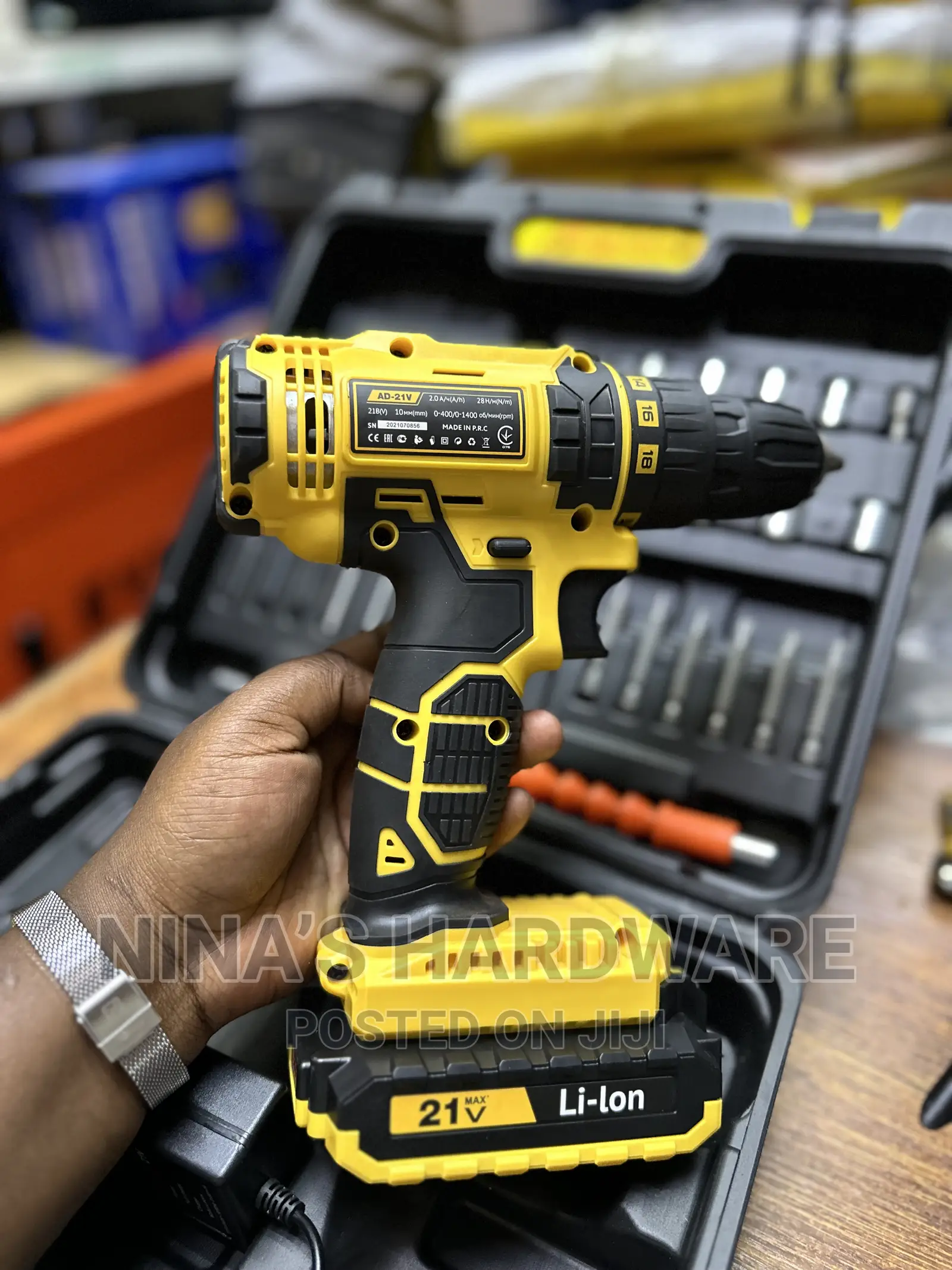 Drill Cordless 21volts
################
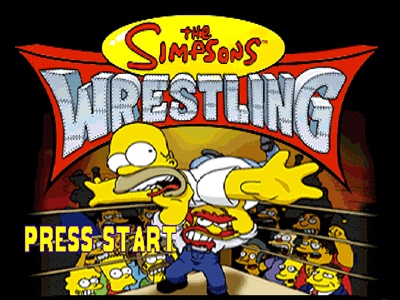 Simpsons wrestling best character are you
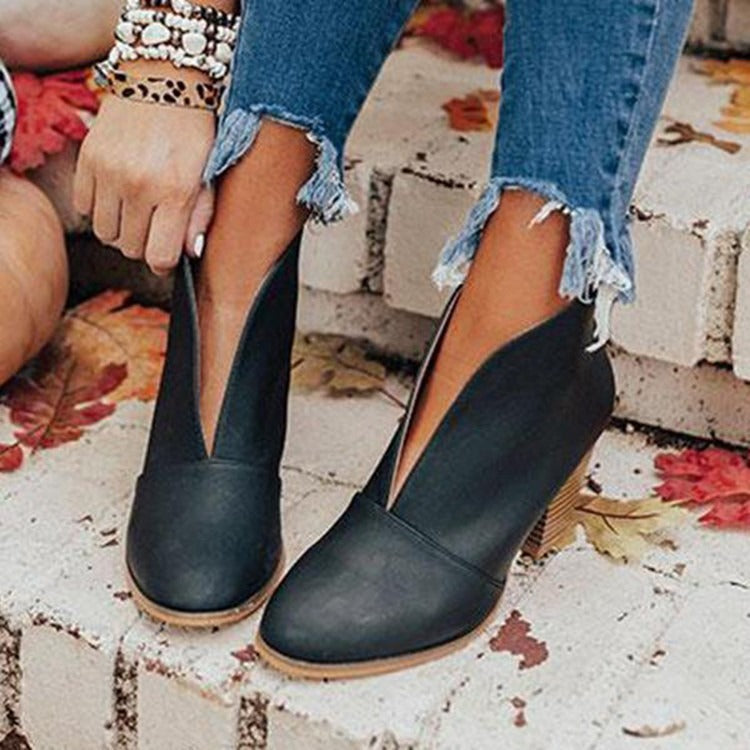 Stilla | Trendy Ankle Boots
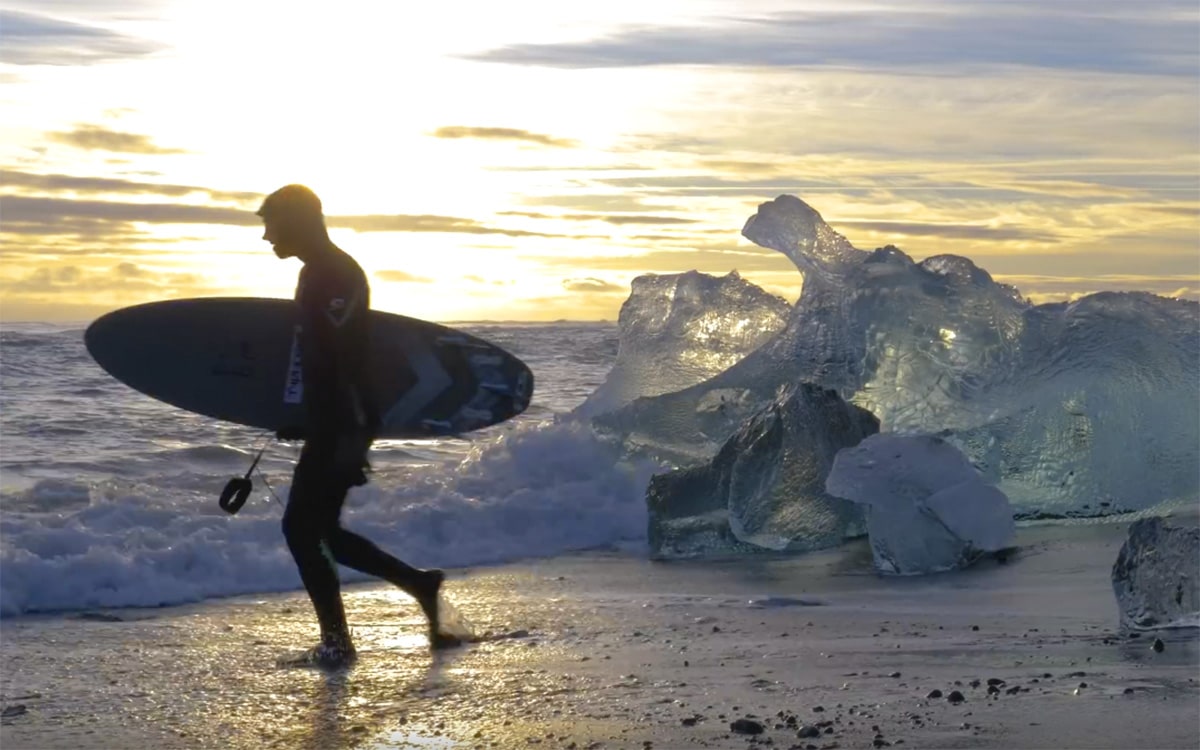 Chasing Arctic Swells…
################
__What the task requires__
Beginning with the line that contains "Simpsons wrestling best character are you" and ending with the line that contains "Chasing Arctic Swells…", reproduce the listing exactly, pictures excluded.

__Answer section__
 Simpsons wrestling best character are you
 Stilla | Trendy Ankle Boots
 Chasing Arctic Swells…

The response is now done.